Can you combine case_when and startsWith in R for complex groupings-CodePudding

I am trying to group some complex categories together which have similar starts to the strings.

Here is an example of the first case_when clause which you can see is very long (I have edited the strings for brevity)

Is there a way to write a case_when statement that will group all values that start with 'Conditions'? (This will also apply to the rest of the clauses that start with eg 'Mental health etc etc'.)

Thank you all!

mutate(condition=case_when(health_conditions == 'Conditions ABC' | health_conditions == 'Conditions DEF' | health_conditions =='HIJ' | health_conditions == 'Conditions KLM, Parkinsons)' | health_conditions == 'Conditions NOP' ~ 'Conditions')

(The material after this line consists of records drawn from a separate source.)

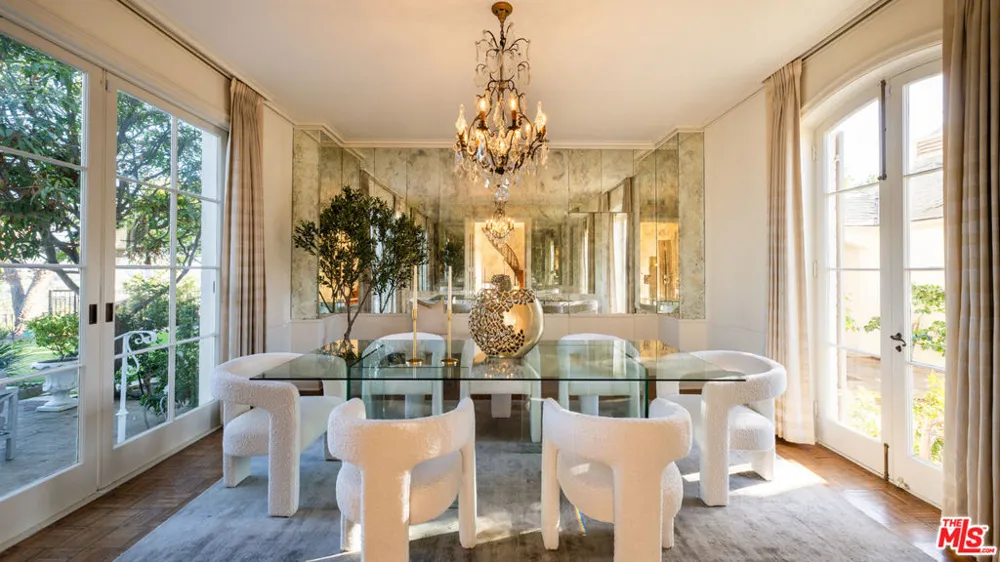 528 Chautauqua Boulevard Los Angeles, CA 90272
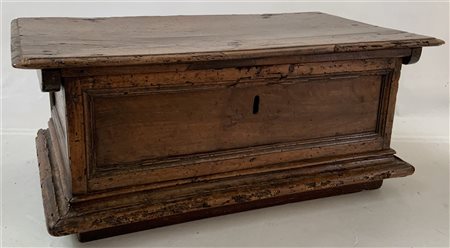 Forziere in noce con fronte e fianchi pannellati. Secolo XVII (cm 66x30x36)...
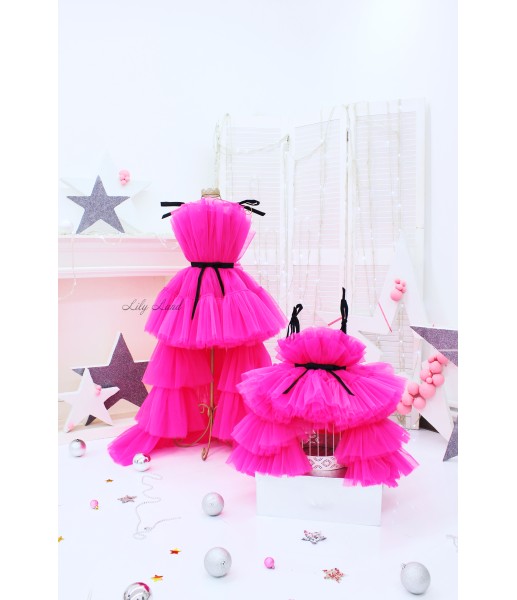 Комплект нарядных платьев Барби со шлейфом, цвет фуксия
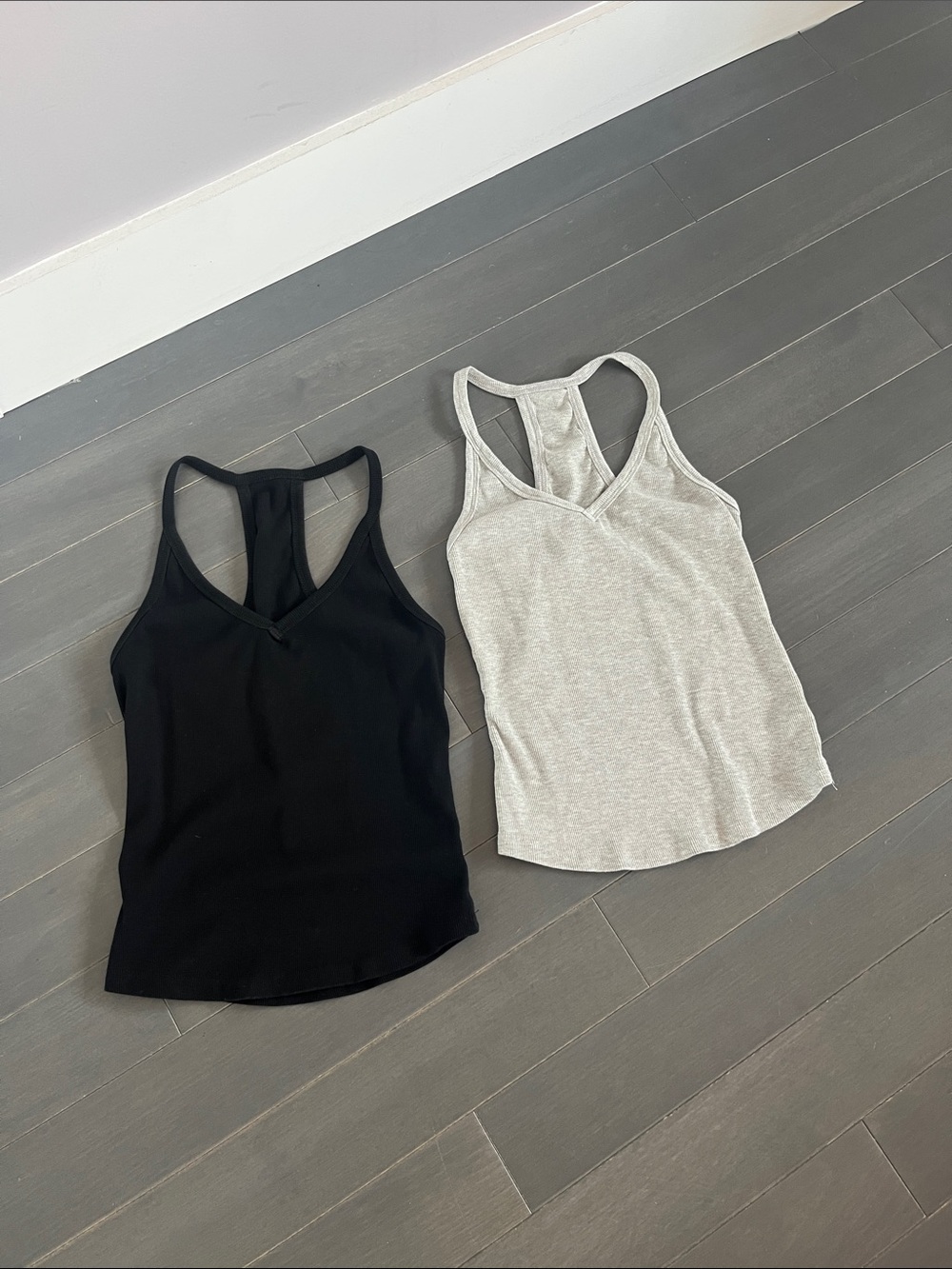 Women’s Racerback V-Neck Tank Top - Black & Light Gray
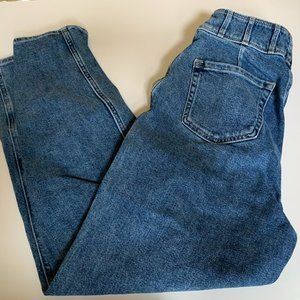 HOLLISTER ULTRA HIGH RISE 80s MOM JEAN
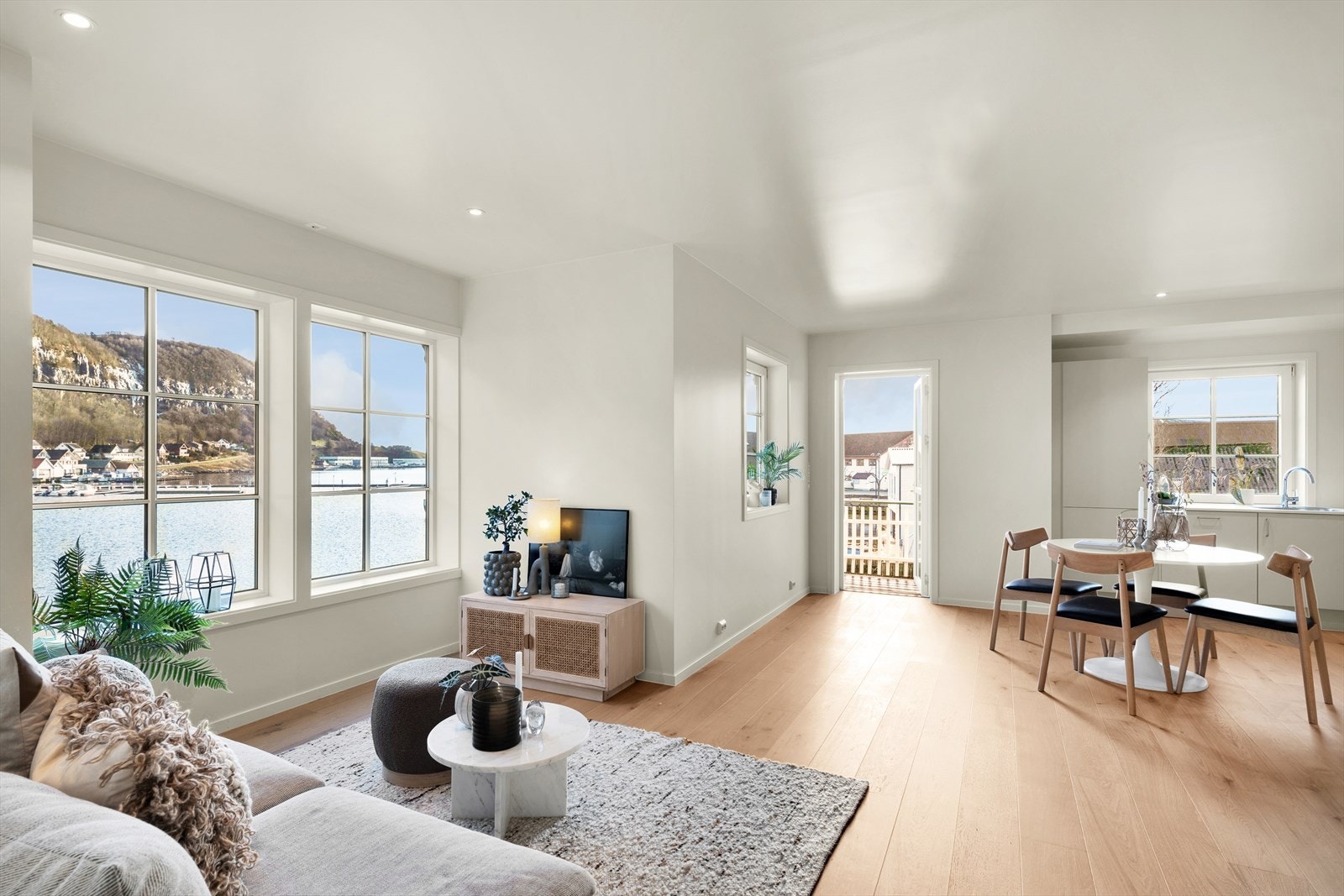 Stue - de store vindusflatene forsterker den nydelige utsikten Galleribilde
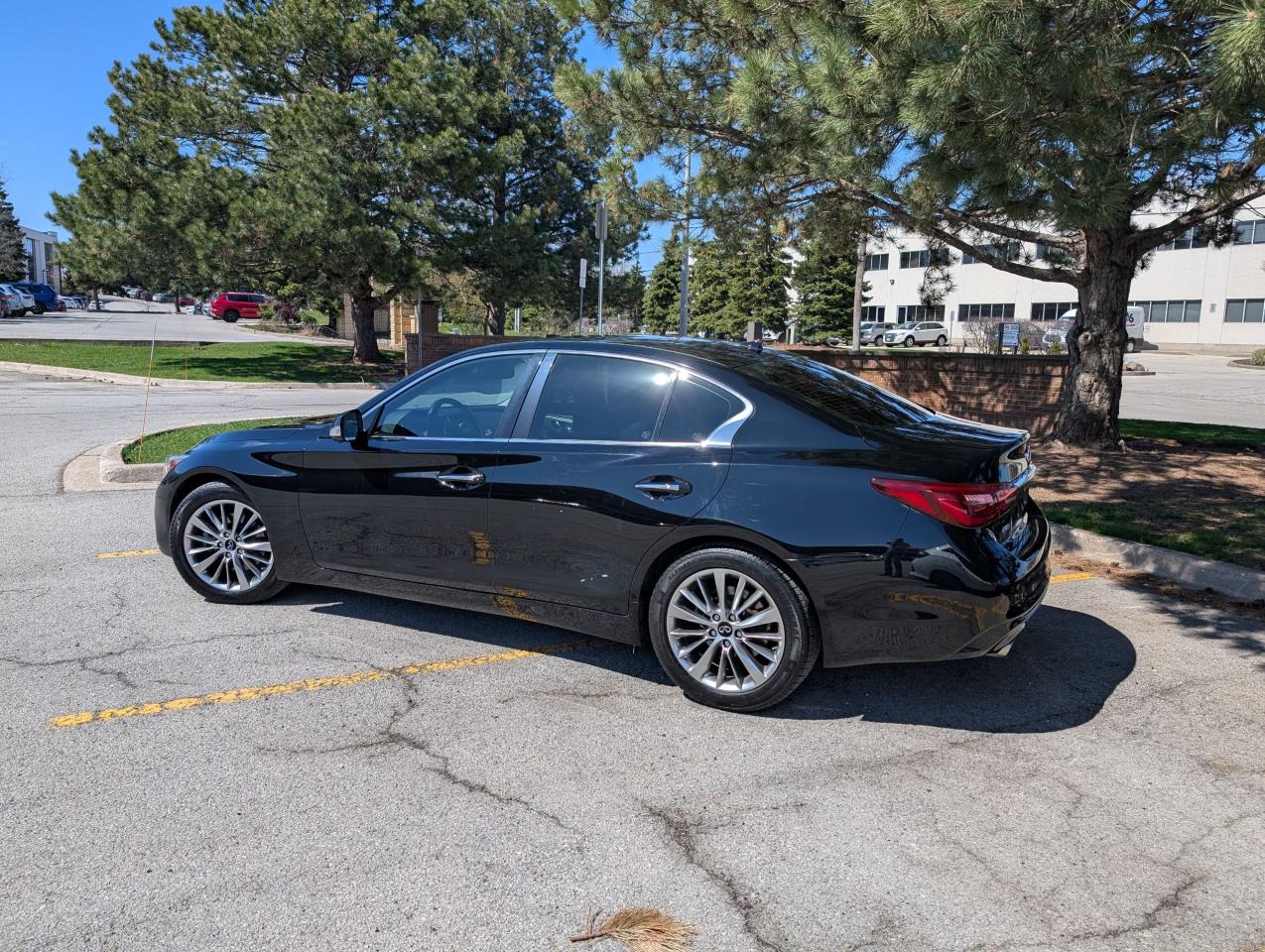 2022 Infiniti Q50 LUXE - Photo #4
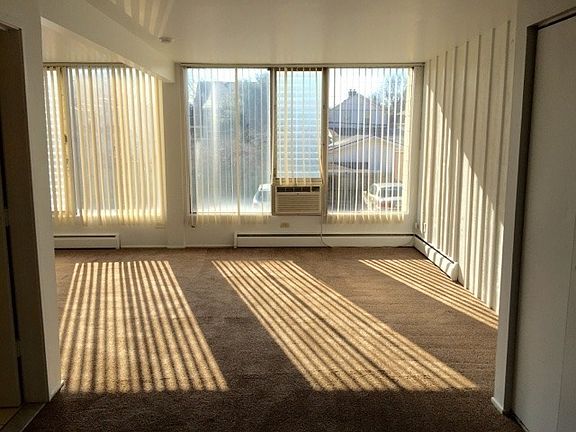 3rd image of 913 Washtenaw Rd APT 25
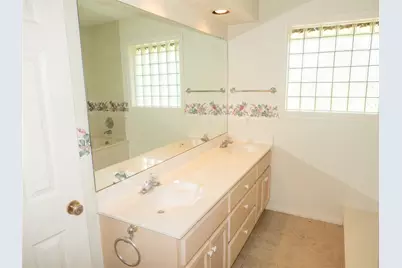 799 County Road 304, Edna, TX 77957 - Photo 17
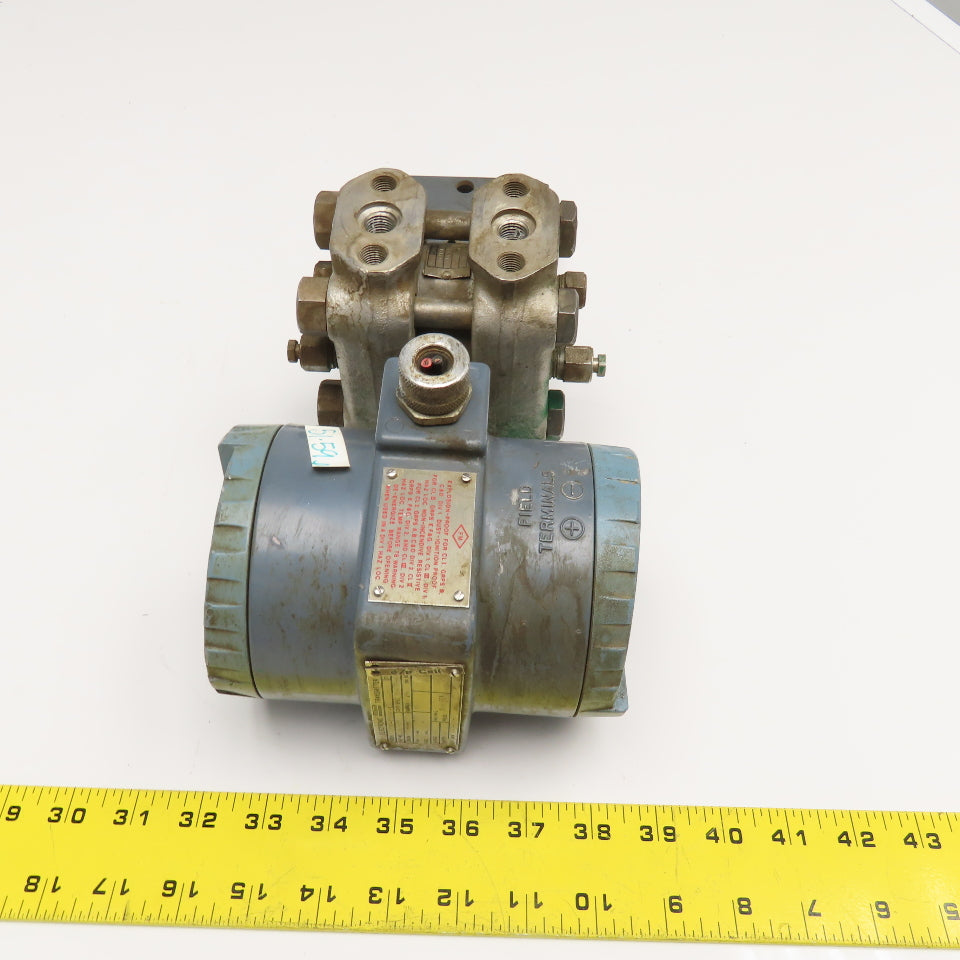 Foxboro 823DP-I3S1NH2-Y Stainless Steel Valve W/ Pressure Transmitter 1/4" NPT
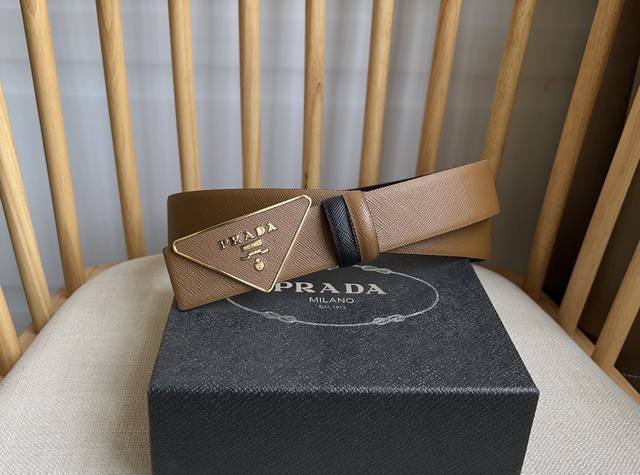 Prada 普拉达 专柜最新款 这款搭扣式腰带出自多功能的组合式配饰系列 可随心搭配 三角形徽标藉由普世的简约廓形彰显别具一格的特色和现代感 呈现精致质感 宽:
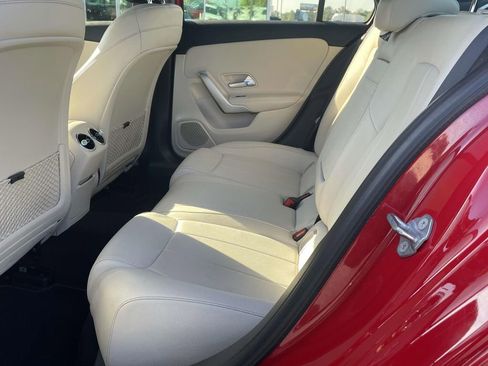 Used 2019 Mercedes-Benz A 220 image 11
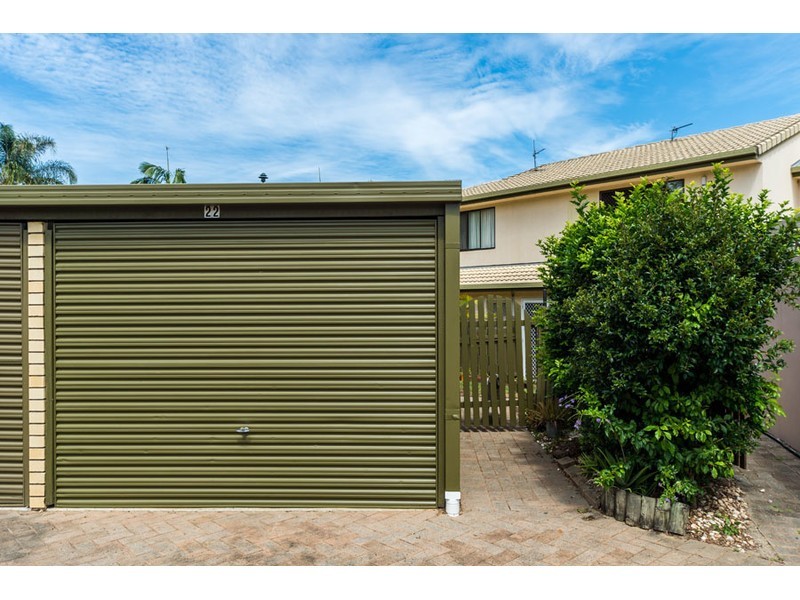 22/71 Olsen Avenue, Labrador QLD 4215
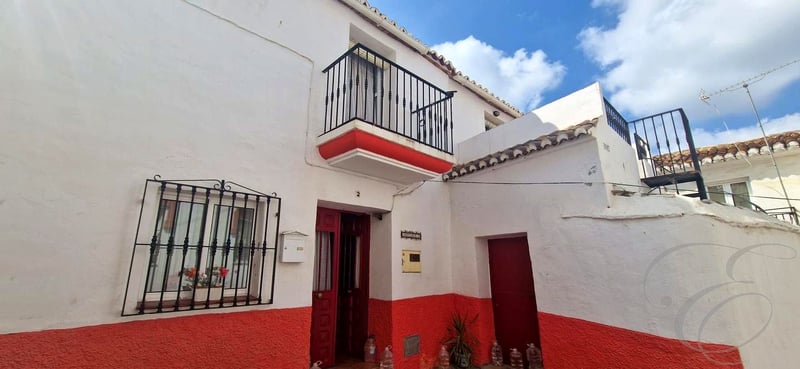 House in Benamargosa - view 1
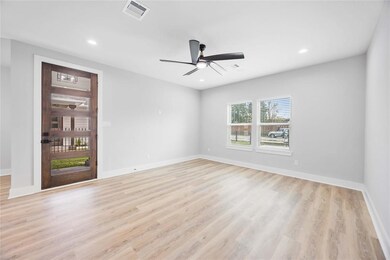 2446 Carmel St unit B, Houston, TX 77091 - photo 4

CodePudding user response：

We may use a regex with grepl/str_detect to combine those cases

library(dplyr)
library(stringr)
df1 %>%
   mutate(condition = case_when(str_detect(health_conditions, 
      "^Conditions")|health_conditions == "HIJ" ~ 'Conditions'))

Or another option is startsWith

df1 %>%
   mutate(condition = case_when(startsWith(health_conditions, 
      "Conditions")|health_conditions == "HIJ" ~ "Conditions"))

CodePudding user response：

case_when() is a bit of a code smell. The following base R idiom is simpler and uses %in%:

conds <- c("Conditions DEF",  "HIJ") # add extra as required
df1$condition[df1$health_conditions %in% conds] <- "Condition"

Or, as suggested in the other answer, a regex might help:

df1$condition[grepl("Conditions", df1$health_conditions)] <- "Condition"